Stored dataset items
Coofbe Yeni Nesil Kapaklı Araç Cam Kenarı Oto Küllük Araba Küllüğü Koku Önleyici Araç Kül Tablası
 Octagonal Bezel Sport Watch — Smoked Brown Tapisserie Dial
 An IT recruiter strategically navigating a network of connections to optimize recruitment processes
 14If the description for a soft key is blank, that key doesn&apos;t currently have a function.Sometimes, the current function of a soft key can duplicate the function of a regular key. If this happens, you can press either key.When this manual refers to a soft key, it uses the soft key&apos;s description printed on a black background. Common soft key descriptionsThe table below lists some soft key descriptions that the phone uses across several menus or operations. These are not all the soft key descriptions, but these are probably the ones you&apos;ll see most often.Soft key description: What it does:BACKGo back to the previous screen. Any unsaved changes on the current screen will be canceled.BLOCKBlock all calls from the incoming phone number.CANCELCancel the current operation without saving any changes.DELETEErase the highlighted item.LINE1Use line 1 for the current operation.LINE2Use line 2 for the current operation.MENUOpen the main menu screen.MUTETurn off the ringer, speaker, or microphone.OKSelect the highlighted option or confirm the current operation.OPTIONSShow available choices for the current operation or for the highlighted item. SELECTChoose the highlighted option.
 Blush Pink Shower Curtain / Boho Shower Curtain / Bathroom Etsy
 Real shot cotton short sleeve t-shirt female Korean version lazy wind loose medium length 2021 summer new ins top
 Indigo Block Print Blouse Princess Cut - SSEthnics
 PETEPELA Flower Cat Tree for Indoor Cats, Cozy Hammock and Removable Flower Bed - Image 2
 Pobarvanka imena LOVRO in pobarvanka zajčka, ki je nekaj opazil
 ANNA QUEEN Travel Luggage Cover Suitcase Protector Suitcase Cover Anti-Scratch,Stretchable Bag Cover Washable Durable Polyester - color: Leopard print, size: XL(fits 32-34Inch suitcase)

- Exercise goal
Only the last part of the entries above is needed: please copy the line with "Indigo Block Print" and each line after it exactly.

- Solution for this task
 Indigo Block Print Blouse Princess Cut - SSEthnics
 PETEPELA Flower Cat Tree for Indoor Cats, Cozy Hammock and Removable Flower Bed - Image 2
 Pobarvanka imena LOVRO in pobarvanka zajčka, ki je nekaj opazil
 ANNA QUEEN Travel Luggage Cover Suitcase Protector Suitcase Cover Anti-Scratch,Stretchable Bag Cover Washable Durable Polyester - color: Leopard print, size: XL(fits 32-34Inch suitcase)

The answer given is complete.